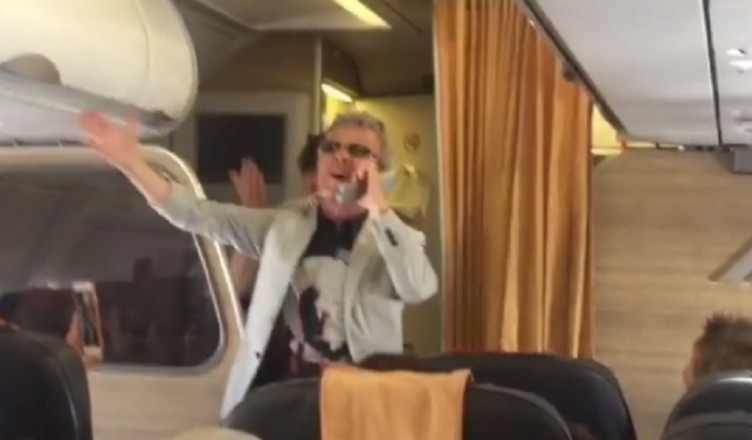 pupo-aereo-canta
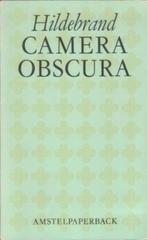 Camera Obscura met de verspreide stukken / Hildebrand, Boeken, Ophalen of Verzenden, Gelezen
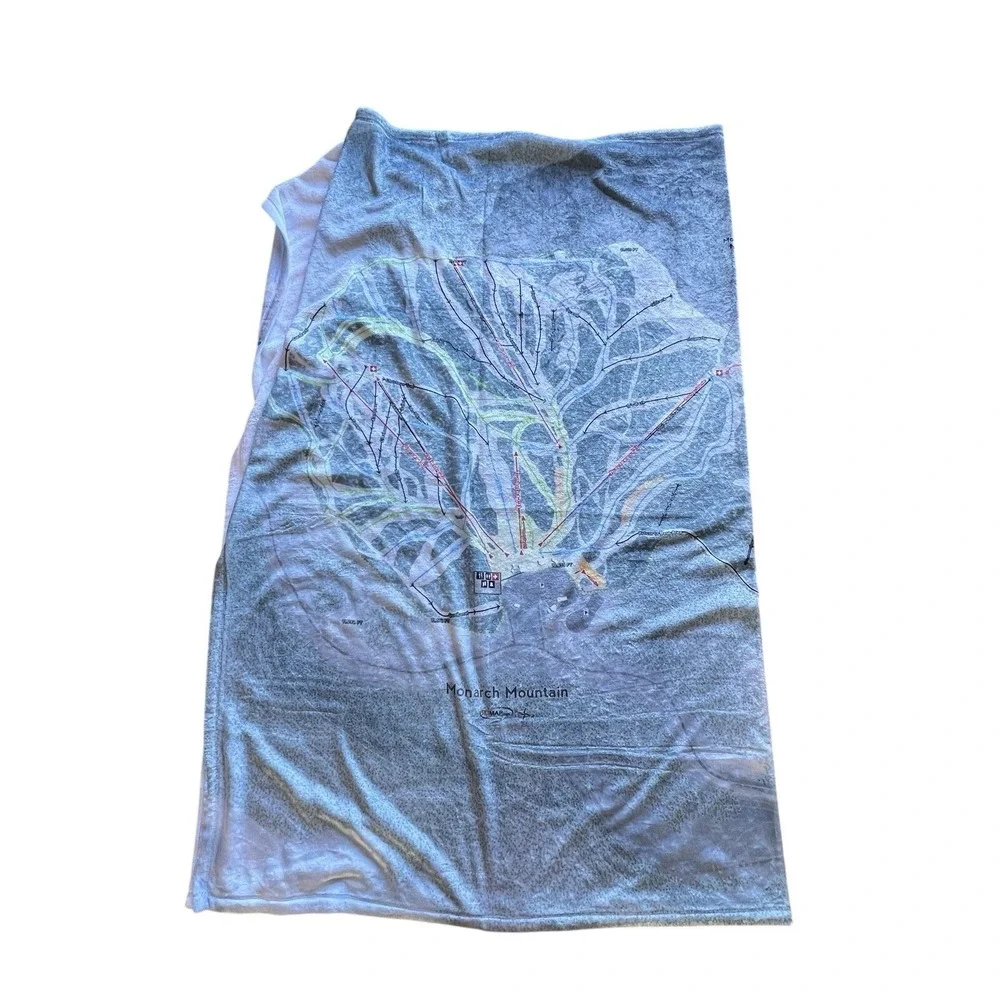 Terry Town Maps Monarch Mountain SkiMap Fleece‎ Blanket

WHAT IS NEEDED -
Copy the data above word for word. Pictures stay out.

WRITTEN RESPONSE -
 pupo-aereo-canta
 Camera Obscura met de verspreide stukken / Hildebrand, Boeken, Ophalen of Verzenden, Gelezen
 Terry Town Maps Monarch Mountain SkiMap Fleece‎ Blanket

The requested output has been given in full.